Walcott, già allievo di Ravi Shankar e Vasant Rai, si rivelò la figura chiave per esaltare l’arte chitarristica di Eliovson. Eccellente sia nelle tabla che al sitar, fu incaricato di fornire la parte ritmica all’album. In seguito, Walcott diventerà uno dei membri fondatori degli Oregon, una delle prime band a creare un ponte sonoro tra oriente e occidente. All’epoca, però, vantava collaborazioni di grande prestigio: partecipò a On The Corner accanto a Miles Davis, e lavorò anche con Don Cherry e Meredith Monk. Ma ciò che ascoltiamo in Dawn Dance va ben oltre ogni possibile collaborazione con nomi celebrati; non è un’esagerazione affermare che, tra tutti i dischi pubblicati da Walcott, questo sia uno dei migliori.

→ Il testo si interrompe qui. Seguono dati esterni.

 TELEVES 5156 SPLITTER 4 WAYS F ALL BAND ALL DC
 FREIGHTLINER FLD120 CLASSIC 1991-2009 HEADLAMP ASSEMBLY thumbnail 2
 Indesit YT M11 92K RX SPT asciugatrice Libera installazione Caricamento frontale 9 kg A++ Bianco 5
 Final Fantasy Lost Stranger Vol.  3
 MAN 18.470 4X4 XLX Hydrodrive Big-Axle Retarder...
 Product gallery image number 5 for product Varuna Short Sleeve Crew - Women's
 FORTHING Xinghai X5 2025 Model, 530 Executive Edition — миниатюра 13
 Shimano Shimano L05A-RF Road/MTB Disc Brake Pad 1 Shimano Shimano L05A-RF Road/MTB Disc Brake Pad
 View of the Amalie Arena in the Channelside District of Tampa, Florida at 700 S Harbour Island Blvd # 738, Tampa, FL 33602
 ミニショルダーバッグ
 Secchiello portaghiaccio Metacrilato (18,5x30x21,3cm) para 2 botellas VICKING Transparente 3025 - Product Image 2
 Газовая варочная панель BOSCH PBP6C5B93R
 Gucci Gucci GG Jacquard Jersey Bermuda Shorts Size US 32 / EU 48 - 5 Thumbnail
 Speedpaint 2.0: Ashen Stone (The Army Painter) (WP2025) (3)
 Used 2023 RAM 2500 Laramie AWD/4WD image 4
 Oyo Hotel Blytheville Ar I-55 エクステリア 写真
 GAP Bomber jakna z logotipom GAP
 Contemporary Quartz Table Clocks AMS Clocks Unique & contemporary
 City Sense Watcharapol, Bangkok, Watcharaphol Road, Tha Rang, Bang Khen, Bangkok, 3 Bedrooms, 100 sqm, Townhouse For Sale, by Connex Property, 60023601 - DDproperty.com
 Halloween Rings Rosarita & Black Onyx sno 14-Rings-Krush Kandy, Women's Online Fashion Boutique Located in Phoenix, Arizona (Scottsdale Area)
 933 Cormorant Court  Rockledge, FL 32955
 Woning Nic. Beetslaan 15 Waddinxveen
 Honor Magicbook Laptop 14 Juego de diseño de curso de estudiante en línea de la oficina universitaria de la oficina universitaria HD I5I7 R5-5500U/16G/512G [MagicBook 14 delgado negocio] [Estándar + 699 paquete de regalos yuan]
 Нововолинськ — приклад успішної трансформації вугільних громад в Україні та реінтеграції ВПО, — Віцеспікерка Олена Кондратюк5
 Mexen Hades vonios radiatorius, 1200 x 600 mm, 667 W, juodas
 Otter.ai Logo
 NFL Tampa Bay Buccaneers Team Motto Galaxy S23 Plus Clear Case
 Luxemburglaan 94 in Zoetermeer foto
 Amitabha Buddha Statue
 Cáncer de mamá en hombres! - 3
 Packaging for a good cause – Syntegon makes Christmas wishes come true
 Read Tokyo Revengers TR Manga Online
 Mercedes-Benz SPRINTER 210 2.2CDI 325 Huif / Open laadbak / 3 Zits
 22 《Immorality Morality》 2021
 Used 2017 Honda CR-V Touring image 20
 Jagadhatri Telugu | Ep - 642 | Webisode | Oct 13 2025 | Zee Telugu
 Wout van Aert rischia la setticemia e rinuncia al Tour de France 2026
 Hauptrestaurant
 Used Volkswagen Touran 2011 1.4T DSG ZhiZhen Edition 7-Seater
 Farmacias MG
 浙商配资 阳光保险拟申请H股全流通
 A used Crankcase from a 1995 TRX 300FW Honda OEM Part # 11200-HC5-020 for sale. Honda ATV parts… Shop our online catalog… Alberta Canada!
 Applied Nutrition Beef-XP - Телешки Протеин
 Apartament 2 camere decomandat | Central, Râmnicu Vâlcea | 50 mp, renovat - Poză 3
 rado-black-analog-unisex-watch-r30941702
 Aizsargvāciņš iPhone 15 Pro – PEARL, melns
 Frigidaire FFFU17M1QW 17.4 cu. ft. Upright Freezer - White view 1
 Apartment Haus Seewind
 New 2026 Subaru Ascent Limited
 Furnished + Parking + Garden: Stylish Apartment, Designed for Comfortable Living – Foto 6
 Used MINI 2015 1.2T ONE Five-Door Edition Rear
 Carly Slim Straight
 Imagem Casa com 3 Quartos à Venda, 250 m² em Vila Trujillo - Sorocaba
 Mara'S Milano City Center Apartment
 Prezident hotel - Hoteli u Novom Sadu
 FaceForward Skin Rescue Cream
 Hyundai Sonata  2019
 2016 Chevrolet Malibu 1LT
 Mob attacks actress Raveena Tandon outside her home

L’album è composto da dieci brani, preziosi come diamanti: sette sono opera di Eliovson, due sono il frutto di una collaborazione con Walcott, e un brano è interamente opera di quest’ultimo. È difficile descrivere questo album, poiché ogni parola rischia di sembrare banale di fronte a tanta meraviglia. Si tratta di un album che emana una malinconia tenera, senza la nota amara che spesso l’accompagna, dove Eliovson compie il miracolo di far emergere un lirismo che non viene soffocato dalla tecnica della sua chitarra, mentre Walcott ricama con maestria sulle tabla. L’itinerario sonoro va da brani solari come Africa – un perfetto connubio di etnicità e mescolanza sonora – a pezzi più eterei come Memories ed Eternity, con il primo eseguito in solitaria da Eliovson.
Tra gli altri brani, merita una menzione d’onore lo straordinario Venice, un pezzo che esprime i virtuosismi di Eliovson senza renderli il tratto distintivo; Earth End ci conduce in quel territorio onirico dove hanno origine i sogni, mentre la breve Awakening, tutta farina del sacco di Walcott, è un inno meditativo che ci conduce in un universo sognante, quello in cui siamo immersi ascoltando l’elegiaca Song For The Masters, sogno che continua in Dawn Dance, un’altra fantastica esperienza sonora.
In sostanza, spero di avervi fatto comprendere che questo album trascende la semplice esperienza di ascolto. Tutto a posto? Sì, benissimo, al punto che ECM aveva già pianificato un secondo album, sebbene da qui cominciassero a manifestarsi le sfighe in serie. Nell’attesa di rientrare in sala di incisione, Eliovson andò a sciare e si ruppe una gamba, mettendo fine ai concerti e posticipando l’incisione; nel frattempo, l’attività avviata a New York si fermò, causando conseguenti problemi economici. Da quel momento in poi la vita di Eliovson divenne un mistero: la carriera di musicista terminò e lui scomparve letteralmente dal mondo della musica, mentre le notizie su di lui divennero frammentarie, alimentate da voci e “si dice” – si dice, ad esempio, che una volta guarito fosse tornato in Sudafrica per dedicarsi all’agricoltura, e che ben oltre la frattura alla gamba, fosse stata una frattura da qualche parte dell’anima a farlo svanire, come se nulla materiale di lui fosse rimasto se non le note suonate in un disco. Sappiamo che visse in solitudine gli ultimi anni della sua vita, in un appartamento offerto da un’associazione solidale giudaica, vivendo gli ultimi suoi anni in un isolamento che lo distaccò da tutti; persino nel suo ultimo viaggio, ben pochi si presentarono al suo capezzale.
La sorte di Walcott fu ancora più tragica: investito da un’auto nelle vicinanze di Magdeburgo nel 1984, durante un tour con gli Oregon, perse la vita sul colpo. La stessa infausta sorte sembrò accompagnare anche il disco, divenuto ben presto introvabile, evaporato in un sogno, fuori catalogo e rimasto per anni irraggiungibile, per poi essere meritatamente ristampato da ECM, grazie all’eco delle vicende personali del musicista e alla grande bellezza dell’album, diffusa via passaparola sul web.
Il mio consiglio è di immergervi nelle note di Dawn Dance: questa esperienza vale più di qualsiasi altra esperienza spirituale possiate compiere.